### Dataset section

================================

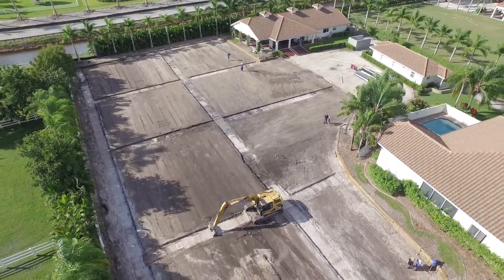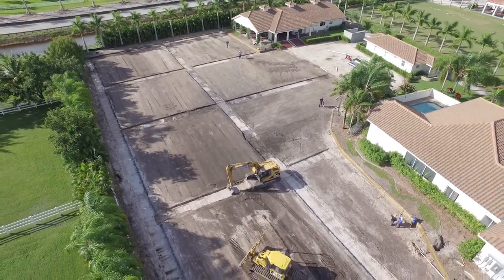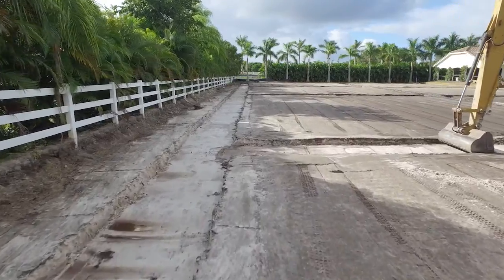One of the most important things for a high-performance arena is to be able to get the water out of the footing. And doing so, underneath the arena, we'll have a four-inch drainage layer under the footing.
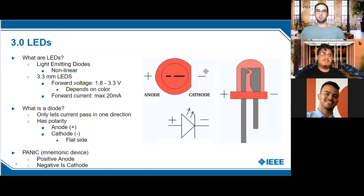If you exceed the max current you can test it, but you'll burn out the LED — or in some cases it'll actually pop. A diode only lets current pass in one direction. The positive terminal is the anode and the negative is the cathode. A helpful mnemonic is 'PANIC' — Positive Anode, Negative Is Cathode — since the terminology of anode and cathode is used more commonly than positive and negative.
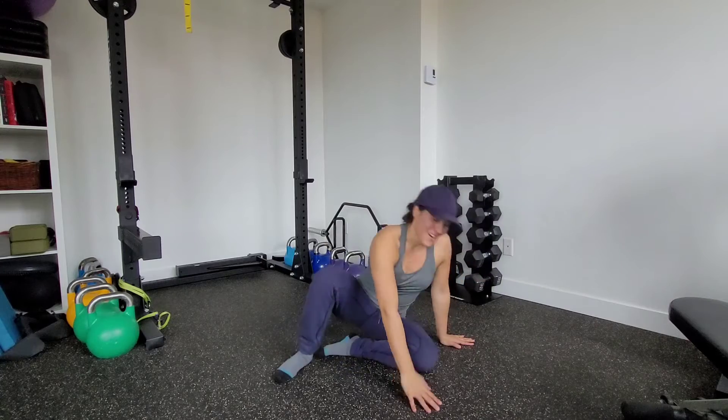These are 90-90 hip extensions to half kneeling. We're going to build off of our 90-90 with the hip extension.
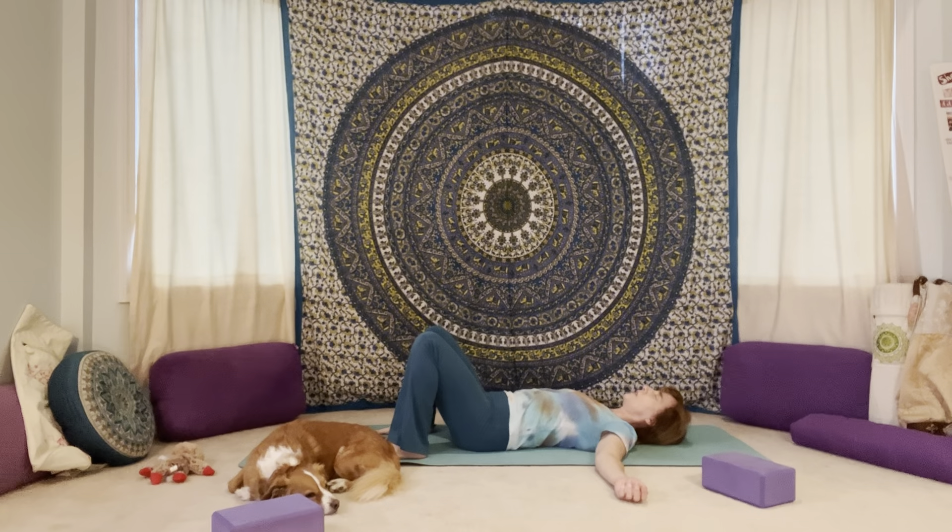Allow yourself to let go and to relax everything. Relax your body and your mind. Begin to check in. Become aware of how you feel, how you're doing today, noticing anything that you bring to the mat with you.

================================

### Prompt
Pictures are to be left out; otherwise, copy exactly each line from the one containing "If you exceed" through the last line of the listing.

### Response area
If you exceed the max current you can test it, but you'll burn out the LED — or in some cases it'll actually pop. A diode only lets current pass in one direction. The positive terminal is the anode and the negative is the cathode. A helpful mnemonic is 'PANIC' — Positive Anode, Negative Is Cathode — since the terminology of anode and cathode is used more commonly than positive and negative.
These are 90-90 hip extensions to half kneeling. We're going to build off of our 90-90 with the hip extension.
Allow yourself to let go and to relax everything. Relax your body and your mind. Begin to check in. Become aware of how you feel, how you're doing today, noticing anything that you bring to the mat with you.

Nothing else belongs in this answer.